Condo developers in Killington began constructing and selling units in the 1980s. Under the law at the time, purchasers were entitled to an equal share of the common area in accord with the number of owners. Since future development was anticipated, the developers needed permission from the homeowners, so they slapped it into the declaration of condominium language that promised the developers a power of attorney. Unfortunately for the developers, they also stuck language into the buyers’ individual deeds indicating that power of attorney was limited and would expire at the end of ten years.

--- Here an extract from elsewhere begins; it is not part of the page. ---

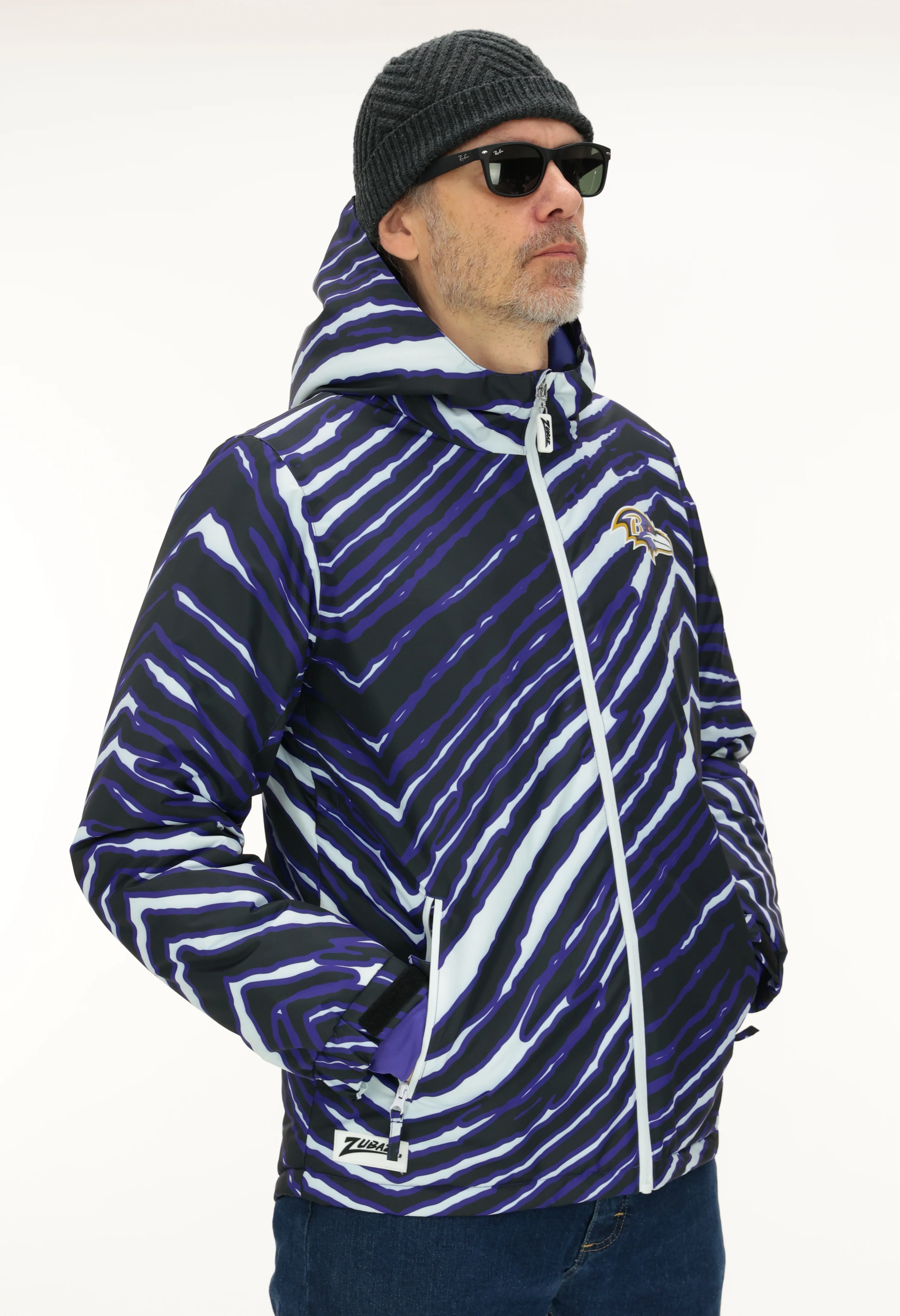 Zubaz NFL Adult Unisex Zebra Team Color Bleacher Blazer Snow Jacket, Baltimore Ravens - Image 3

Ten years go by and there is no new development. Older developers sell to new developers. New developers work on a plan and launch an expansion in 2005. Not so fast cry members of the Condo Owners’ Association. The Association effectively blocks developers in Act 250 and seek a ruling of their rights.
On appeal, the sole issue is whether the condominium declaration language indicating that the residents have given the Developers a limited power of attorney to adjust everyone’s common property shares controls, or whether the 10-year limited POAs in the individual deeds control.

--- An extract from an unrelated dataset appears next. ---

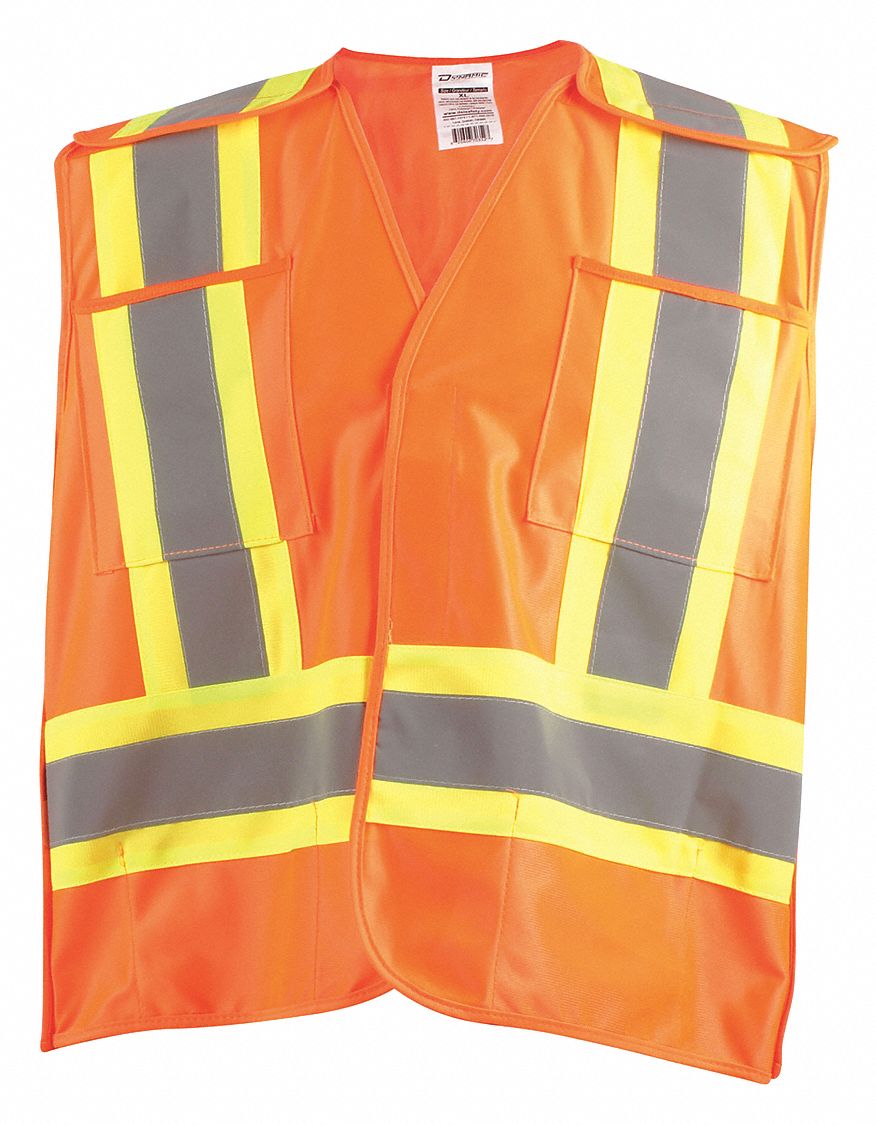 UNISEX HI-VIS VEST, S/M, 36 - 42 IN CHEST, 26 IN L, ORANGE, POLYESTER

For the majority, the case is simple. The declaration controls. Community rights, community document. The deeds are a strange and troubling anomaly, but they are not enough to give the Court pause. Community Order must be kept and individual deed rights are not the forum. Whatever gibberish they contain is irrelevant.
In a strong and lengthy dissent, Justice Dooley, joined by Judge Joseph, writes that the majority gets the issue wrong. For the dissent, this is an either–or situation that the majority abandons. For the dissent, the key question is contract based. Developer held the drafting power in the documents, and the fact that the declaration and the deeds conflict is only a problem for the developer who must stand behind them as the author.

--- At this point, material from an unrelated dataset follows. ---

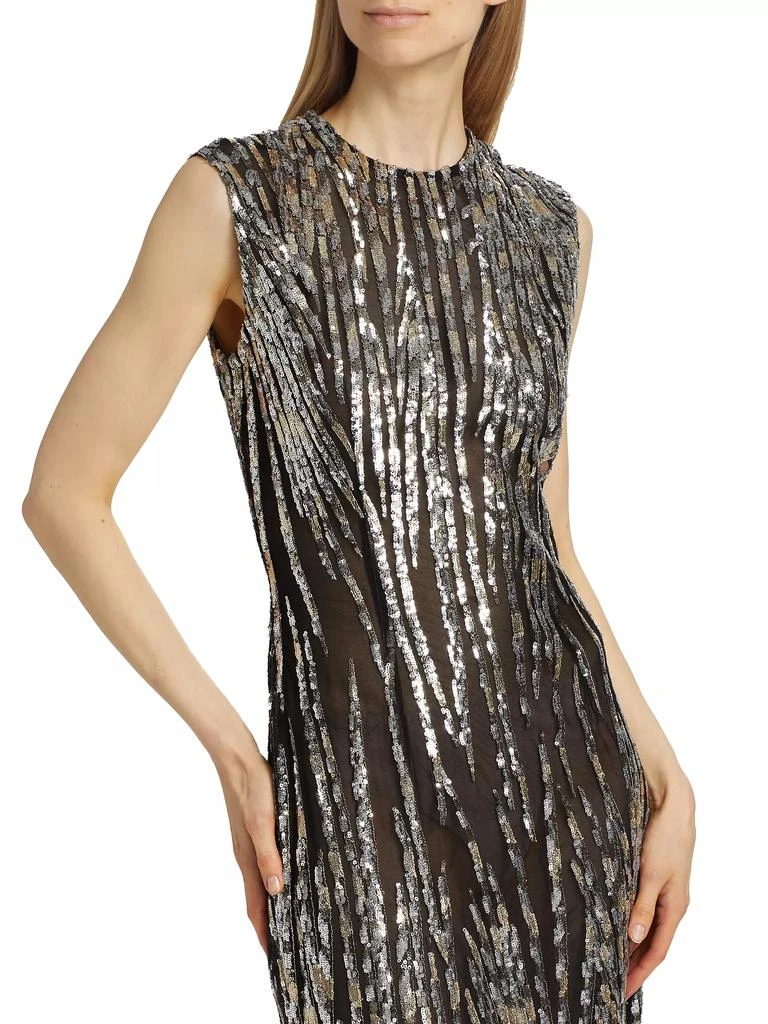 REEM ACRA Sequin Tulle Sleeveless Midi-Dress 6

On the other hand, if the declaration controls, the Association owners have a case for consumer fraud since they were promised one thing, and led through the deeds to believe it. By denying them this right to contest, developer had committed consumer fraud.
The dissent notes that the Condominium Act at issue is very much a consumer fraud type of act and is intended to help protect condo owners. Blocking development opposed almost unanimously by the homeowners is exactly what the act was designed to facilitate.
Although the dissent’s point is fair, it is hard to imagine what type of development abutting landowners would support.